"Yes!" the Becketts answered in a breath. They gazed at him as if they fancied him inspired by their son's spirit. No wonder, perhaps! Brian has an inspired look.
"Are you very rich?" he asked bluntly, as a child puts questions which grown-ups veil.
"We're rich in money," answered the old man. "But I guess I never quite realized till now, when we lost Jimmy, how poor you can be, when you're only rich in what the world can give."
"I suppose you'll want to put up the finest monument for your son that money can buy," Brian went on, as though he had wandered from his subject. But I—knowing him, and his slow, dreamy way of getting to his goal—knew that he was not astray. He was following some star which we hadn't yet seen.
"We've had no time to think of a monument," said Mr. Beckett, with a choke in his voice. "Of course we would wish it, if it could be done. But Jim lies on German soil. We can't mark the place——"
"It doesn't much matter—to him—where his body lies," Brian went on. "He is not in German soil, or in No Man's Land. Wouldn't he like to have a monument in Everyman's Land?"
"What do you mean?" breathed the little old lady. She realized now that blind Brian wasn't speaking idly.
"Well, you see, France and Belgium together will be Everyman's Land after the war, won't they?" Brian said.

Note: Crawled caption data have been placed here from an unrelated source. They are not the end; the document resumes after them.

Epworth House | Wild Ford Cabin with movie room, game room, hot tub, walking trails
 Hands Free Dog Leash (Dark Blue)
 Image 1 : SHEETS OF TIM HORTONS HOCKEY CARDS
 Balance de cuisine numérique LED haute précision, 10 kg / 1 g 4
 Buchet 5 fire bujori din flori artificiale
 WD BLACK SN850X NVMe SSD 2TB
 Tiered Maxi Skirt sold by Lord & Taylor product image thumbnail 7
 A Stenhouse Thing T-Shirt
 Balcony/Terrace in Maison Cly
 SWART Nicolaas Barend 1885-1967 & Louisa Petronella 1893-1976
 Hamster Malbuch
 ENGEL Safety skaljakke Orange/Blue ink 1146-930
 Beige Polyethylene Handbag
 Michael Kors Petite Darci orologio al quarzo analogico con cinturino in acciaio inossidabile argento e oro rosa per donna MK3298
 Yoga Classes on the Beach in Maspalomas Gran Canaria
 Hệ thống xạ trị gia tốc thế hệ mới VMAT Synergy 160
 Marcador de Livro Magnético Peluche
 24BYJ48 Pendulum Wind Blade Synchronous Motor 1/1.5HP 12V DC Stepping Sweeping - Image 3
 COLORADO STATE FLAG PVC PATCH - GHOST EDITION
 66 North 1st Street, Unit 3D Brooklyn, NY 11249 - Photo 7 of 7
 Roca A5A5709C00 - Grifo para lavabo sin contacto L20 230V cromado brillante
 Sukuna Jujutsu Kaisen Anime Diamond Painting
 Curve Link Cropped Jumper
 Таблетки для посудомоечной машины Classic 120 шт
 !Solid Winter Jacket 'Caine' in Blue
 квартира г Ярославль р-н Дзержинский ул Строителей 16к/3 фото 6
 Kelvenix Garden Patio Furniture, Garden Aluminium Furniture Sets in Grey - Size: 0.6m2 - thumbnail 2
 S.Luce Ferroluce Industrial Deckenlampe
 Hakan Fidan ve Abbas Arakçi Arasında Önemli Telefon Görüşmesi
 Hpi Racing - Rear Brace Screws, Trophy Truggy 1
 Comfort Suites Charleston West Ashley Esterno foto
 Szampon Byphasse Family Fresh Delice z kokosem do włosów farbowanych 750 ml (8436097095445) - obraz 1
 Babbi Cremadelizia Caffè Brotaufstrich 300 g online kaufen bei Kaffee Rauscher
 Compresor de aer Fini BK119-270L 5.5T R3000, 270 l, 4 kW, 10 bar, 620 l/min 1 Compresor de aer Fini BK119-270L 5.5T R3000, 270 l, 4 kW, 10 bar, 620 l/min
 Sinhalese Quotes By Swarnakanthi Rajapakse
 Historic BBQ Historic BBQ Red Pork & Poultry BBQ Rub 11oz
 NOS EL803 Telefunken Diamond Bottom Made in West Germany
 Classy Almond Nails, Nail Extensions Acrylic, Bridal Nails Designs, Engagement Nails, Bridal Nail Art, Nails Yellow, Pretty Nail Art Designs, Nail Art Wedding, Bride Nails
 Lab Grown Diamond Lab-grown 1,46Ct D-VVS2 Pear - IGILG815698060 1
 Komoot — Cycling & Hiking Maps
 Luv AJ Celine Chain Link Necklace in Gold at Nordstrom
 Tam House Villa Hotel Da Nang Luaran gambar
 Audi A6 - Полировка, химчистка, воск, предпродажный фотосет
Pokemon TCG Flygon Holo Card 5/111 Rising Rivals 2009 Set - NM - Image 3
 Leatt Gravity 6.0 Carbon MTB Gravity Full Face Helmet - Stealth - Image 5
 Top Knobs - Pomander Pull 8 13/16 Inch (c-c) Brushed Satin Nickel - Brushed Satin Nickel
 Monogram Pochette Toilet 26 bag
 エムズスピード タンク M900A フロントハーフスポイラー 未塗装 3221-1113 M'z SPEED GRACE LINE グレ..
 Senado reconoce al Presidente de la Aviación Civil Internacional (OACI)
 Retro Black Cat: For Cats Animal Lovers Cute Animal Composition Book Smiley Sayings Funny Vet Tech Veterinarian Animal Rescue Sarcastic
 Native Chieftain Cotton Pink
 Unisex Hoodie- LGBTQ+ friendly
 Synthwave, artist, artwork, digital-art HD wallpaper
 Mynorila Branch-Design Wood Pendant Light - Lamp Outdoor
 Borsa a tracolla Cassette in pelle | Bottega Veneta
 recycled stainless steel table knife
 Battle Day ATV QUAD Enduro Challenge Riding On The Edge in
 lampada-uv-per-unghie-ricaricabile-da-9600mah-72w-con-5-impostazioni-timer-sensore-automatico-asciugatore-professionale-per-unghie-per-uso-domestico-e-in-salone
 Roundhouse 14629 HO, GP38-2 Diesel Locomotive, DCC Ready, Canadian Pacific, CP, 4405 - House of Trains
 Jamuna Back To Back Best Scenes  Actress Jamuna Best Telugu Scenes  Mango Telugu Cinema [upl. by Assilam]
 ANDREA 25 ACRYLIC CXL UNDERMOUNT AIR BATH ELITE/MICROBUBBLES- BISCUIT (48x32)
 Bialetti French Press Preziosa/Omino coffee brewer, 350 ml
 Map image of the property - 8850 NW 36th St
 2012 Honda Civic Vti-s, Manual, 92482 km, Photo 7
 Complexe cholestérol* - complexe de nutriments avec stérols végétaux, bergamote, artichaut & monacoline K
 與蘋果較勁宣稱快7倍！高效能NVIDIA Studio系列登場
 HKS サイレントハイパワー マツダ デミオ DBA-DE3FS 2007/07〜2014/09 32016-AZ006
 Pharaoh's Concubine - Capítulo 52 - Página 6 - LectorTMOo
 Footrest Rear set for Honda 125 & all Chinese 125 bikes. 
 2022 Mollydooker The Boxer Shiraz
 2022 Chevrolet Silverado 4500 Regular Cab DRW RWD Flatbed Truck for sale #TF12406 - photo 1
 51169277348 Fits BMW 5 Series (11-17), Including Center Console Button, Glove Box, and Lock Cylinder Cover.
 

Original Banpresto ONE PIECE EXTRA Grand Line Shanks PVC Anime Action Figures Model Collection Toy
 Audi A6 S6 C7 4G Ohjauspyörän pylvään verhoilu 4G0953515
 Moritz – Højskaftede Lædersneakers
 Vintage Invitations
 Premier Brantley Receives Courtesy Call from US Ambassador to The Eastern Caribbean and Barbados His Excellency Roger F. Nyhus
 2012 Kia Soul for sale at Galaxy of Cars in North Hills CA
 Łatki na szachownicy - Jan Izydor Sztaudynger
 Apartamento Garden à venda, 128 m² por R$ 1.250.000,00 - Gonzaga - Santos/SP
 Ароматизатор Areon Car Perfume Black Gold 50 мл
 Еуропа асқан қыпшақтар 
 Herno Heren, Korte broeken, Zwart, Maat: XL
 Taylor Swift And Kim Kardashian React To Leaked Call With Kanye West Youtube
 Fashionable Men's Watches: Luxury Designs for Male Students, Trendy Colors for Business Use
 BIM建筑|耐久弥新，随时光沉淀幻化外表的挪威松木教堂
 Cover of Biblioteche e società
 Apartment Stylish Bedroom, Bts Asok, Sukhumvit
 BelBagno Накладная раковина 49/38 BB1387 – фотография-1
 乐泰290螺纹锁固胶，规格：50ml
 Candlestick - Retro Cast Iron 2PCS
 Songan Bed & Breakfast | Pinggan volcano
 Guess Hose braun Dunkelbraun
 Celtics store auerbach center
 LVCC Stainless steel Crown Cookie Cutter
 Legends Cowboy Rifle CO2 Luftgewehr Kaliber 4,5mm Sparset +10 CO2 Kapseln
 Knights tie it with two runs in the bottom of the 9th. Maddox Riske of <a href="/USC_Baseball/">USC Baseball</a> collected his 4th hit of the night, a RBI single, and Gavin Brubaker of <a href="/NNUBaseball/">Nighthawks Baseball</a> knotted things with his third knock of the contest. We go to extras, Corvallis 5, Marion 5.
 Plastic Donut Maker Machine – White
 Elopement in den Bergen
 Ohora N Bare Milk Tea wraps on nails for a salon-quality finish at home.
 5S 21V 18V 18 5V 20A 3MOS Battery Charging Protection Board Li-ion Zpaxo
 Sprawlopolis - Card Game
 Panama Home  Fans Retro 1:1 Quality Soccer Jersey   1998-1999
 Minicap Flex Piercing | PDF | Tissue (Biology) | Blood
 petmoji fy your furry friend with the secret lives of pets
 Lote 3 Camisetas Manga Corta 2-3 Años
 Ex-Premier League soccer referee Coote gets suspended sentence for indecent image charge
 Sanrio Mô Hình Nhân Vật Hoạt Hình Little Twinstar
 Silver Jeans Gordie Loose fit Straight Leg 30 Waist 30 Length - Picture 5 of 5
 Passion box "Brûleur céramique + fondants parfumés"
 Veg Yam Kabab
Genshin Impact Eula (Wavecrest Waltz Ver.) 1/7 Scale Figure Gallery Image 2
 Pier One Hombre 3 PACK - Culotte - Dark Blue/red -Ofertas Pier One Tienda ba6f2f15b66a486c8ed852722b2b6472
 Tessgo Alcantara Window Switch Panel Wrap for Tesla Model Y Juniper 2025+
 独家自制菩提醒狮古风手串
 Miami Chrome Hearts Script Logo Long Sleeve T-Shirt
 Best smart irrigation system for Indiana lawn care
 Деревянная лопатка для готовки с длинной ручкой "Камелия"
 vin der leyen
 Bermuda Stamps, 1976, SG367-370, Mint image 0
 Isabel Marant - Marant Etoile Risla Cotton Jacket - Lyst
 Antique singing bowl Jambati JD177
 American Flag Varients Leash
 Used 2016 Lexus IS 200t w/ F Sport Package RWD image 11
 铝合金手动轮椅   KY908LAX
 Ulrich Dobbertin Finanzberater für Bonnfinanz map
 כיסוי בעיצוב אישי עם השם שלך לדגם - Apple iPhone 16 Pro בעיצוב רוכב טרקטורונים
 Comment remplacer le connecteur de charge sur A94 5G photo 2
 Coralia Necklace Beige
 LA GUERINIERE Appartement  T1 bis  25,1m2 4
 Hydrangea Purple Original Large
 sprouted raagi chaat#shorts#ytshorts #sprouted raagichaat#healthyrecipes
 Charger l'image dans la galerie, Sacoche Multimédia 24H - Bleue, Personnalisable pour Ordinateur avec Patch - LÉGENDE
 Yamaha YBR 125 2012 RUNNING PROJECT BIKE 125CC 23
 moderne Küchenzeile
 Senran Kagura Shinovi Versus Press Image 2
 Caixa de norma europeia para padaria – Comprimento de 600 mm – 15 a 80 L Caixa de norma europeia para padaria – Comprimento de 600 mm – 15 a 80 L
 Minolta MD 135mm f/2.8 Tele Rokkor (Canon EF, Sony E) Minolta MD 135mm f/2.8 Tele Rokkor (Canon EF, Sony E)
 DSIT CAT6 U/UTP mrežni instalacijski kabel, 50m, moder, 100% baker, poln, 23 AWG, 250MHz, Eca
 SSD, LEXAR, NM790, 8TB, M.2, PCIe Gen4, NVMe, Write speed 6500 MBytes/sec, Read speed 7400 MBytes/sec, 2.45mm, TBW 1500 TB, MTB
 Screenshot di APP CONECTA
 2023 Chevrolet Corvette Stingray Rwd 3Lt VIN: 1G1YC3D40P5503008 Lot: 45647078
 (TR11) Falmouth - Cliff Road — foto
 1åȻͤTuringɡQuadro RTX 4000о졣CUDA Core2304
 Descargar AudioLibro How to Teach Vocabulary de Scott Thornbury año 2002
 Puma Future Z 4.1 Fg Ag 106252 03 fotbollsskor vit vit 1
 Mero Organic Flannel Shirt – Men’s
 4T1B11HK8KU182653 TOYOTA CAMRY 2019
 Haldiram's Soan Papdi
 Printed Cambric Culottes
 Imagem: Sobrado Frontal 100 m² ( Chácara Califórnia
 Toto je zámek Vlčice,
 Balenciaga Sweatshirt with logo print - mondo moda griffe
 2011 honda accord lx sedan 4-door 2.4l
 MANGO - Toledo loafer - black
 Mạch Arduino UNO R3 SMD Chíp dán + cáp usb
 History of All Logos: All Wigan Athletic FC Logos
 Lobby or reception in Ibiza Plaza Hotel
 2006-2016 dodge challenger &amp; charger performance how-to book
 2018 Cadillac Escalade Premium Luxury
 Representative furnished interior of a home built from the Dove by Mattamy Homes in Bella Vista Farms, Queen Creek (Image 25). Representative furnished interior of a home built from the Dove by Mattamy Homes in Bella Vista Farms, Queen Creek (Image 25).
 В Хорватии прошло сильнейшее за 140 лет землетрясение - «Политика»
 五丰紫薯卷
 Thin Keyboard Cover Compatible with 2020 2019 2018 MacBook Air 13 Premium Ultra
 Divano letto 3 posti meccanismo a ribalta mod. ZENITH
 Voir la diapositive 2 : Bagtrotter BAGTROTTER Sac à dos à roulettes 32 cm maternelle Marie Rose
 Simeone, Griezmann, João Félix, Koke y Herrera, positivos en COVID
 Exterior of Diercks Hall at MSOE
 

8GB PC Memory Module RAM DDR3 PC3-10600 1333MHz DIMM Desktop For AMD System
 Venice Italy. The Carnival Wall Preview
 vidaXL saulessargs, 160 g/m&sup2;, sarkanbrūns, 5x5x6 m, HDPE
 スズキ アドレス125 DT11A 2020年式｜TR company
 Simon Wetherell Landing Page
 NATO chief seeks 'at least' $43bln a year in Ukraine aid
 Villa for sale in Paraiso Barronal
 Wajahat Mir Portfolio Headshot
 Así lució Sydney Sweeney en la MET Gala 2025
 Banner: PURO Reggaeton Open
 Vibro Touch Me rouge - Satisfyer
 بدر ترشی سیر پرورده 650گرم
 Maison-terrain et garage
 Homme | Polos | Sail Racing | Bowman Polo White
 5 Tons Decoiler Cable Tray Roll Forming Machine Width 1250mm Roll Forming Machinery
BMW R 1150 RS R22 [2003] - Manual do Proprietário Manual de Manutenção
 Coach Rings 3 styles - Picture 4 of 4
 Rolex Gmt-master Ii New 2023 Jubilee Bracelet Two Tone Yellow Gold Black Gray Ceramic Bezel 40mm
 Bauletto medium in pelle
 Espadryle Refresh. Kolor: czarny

"Every man who wants the world's true peace has fought in France and Belgium, if he could fight. Every man who has fought, and every man who wished to fight but couldn't, will want to see those lands that have been martyred and burned, when they have risen like the Phœnix out of their own ashes. That's why I call France and Belgium Everyman's Land. You say your Jim spent some of his happiest days there, and now he's given his life for the land he loved. Wouldn't you feel as if he went with you, if you made a pilgrimage from town to town he knew in their days of beauty—if you travelled and studied some scheme for helping to make each one beautiful again after the war? If you did this in his name and his honour, could he have a better memorial?"
"I guess God has let Jim speak through your lips, and tell us his wish," said Mr. Beckett. "What do you think, Jenny?"